Sclerosi multipla: un caschetto per combattere la fatica

Stimoli elettrici somministrati attraverso un caschetto personalizzabile. È la procedura non invasiva, che si può fare anche a casa, capace di ridurre per mesi la spossatezza. Lo studio condotto dall’Istituto di scienze e tecnologie della cognizio ne del Cnr è pubblicato su Scientific Reports

di redazione

Recuperare le forze, tornare attivi, riuscire ad arrivare a fine giornata senza sentirsi prosciugati di tutte le energie. Spesso le persone con sclerosi multipla non desiderano altro: l’eccessiva spossatezza è per molti di loro il sintomo più invalidante. Un ricerca italiana permette di sperare in una soluzione. I ricercatori dell’Istituto di scienze e tecnologie della cognizione del Cnr hanno dimostrato che è possibile combattete combattere la fatica grazie a un intervento non invasivo: si tratta di una stimolazione elettrica cerebrale attraverso un caschetto personalizzabile somministrata in sedute di 15 minuti per 5 giorni che possono essere effettuate anche a casa. La procedura può ridurre la spossatezza anche per mesi senza effetti collaterali. Lo studio, pubblicato su Scientific Reports, è una dimostrazione di fattibilità che ha verificato gli effetti dell’intervento su 13 pazienti. 

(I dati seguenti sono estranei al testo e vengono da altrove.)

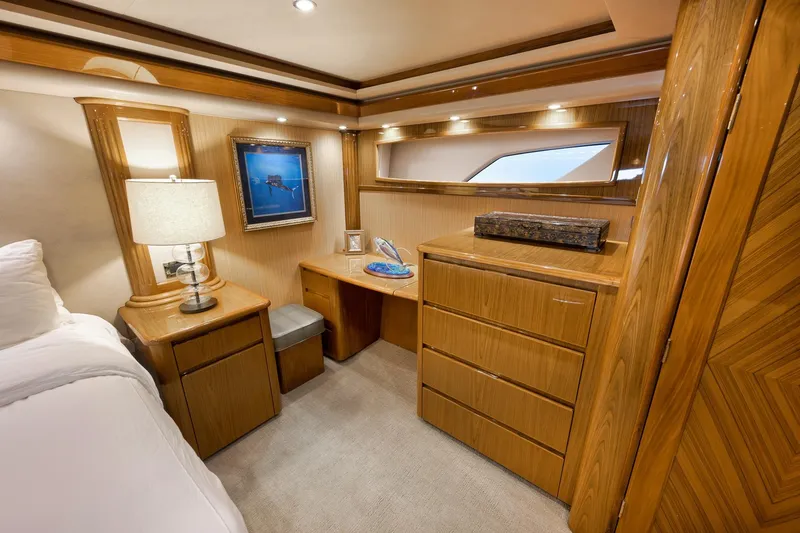 Slide: The Image of Luxurious cabin interior of 2010 Viking 82 Convertible yacht with elegant wood finish. - 54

Il caschetto è dotato di elettrodi personalizzabile che, grazie a un intervento di neuromodulazione, riescono a compensare squilibri neuronali correlati all’affaticamento del paziente affetto da sclerosi multipla, una condizione per la quale non esistono attualmente cure efficaci. L’80 per cento dei pazienti con sclerosi multipla riporta una stanchezza eccessiva che compromette la qualità di vita più di altri sintomi. All’origine di questa spossatezza sembra ci sia una alterazione nelle connessioni  tra alcune aree del cervello. La stimolazione transcranica attraverso il caschetto riduce fortemente queste disfunzioni migliorando la comunicazione intercerebrale. 

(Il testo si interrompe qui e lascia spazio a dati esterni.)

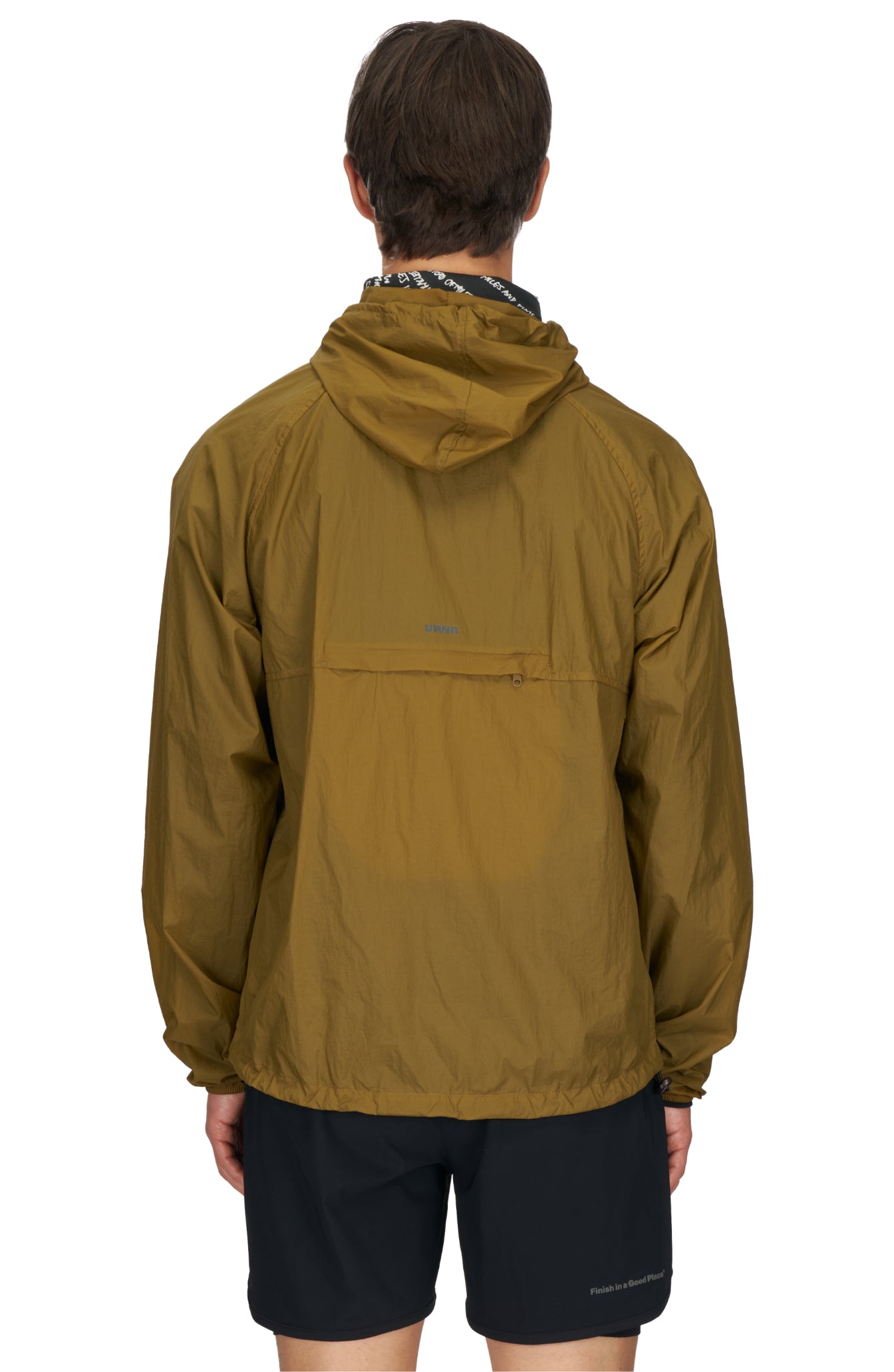 Men's ultra-lightweight running jacket (55g/m²) in Gold Olive. It features an adjustable hood, two side pockets, a back pocket, and side vents for enhanced ventilation. It is equipped with adjustable straps at the hem for a customizable fit. Made from 100% recycled nylon, it offers protection against wind and light rain. Additionally, it is packable, PFC-free, and features a reflective UNNA logo on the back, along with a UNNA patch on the zipper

«Prima di tutto abbiamo cercato le regioni del cervello che nel paziente con sclerosi multipla comunicano peggio al crescere della fatica, poi abbiamo messo a punto un intervento di neuromodulazione per compensare questa distorsione. In tale lavoro si è rivelato utile lo sviluppo di un caschetto adattabile che posiziona un elettrodo, conformato secondo le circonvoluzioni corticali della regione cui giunge la percezione somatosensoriale da tutto il corpo. Dopo cinque stimolazioni elettriche transcraniche di 15 minuti al giorno mediante intervento elettroceutico personalizzato (FaReMuS), molti pazienti si sono sentiti più in forze», ha dichiarato Franca Tecchio del Cnr-Istc tra gli autori dello studio.  

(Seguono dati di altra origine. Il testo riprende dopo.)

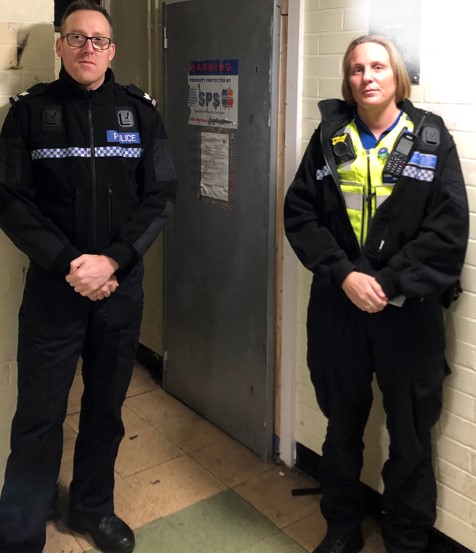 Officers outside closed property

L’intervento con il caschetto munito di elettrodi ha rimodulato i segnali cerebrali in una maniera che spiegherebbe la metà (48%) del miglioramento dell’affaticamento osservata nei pazienti. I risultati dello studio indicano che l’intervento di stimolazione elettrica è promettente per alleviare i sintomi della fatica nei pazienti con sclerosi multipla. La procedura è anche poco impegnativa per il paziente perché può essere eseguita a domicilio. 

«Possiamo affermare che una elettroceutica non-invasiva personalizzata sulle specifiche caratteristiche anatomo-funzionali delle regioni compromesse può essere efficace contro la fatica. Parte dell’efficacia nasce dal ristabilire la comunicazione intra-cerebrale che era tanto più alterata al crescere della fatica», ha concluso Tecchio.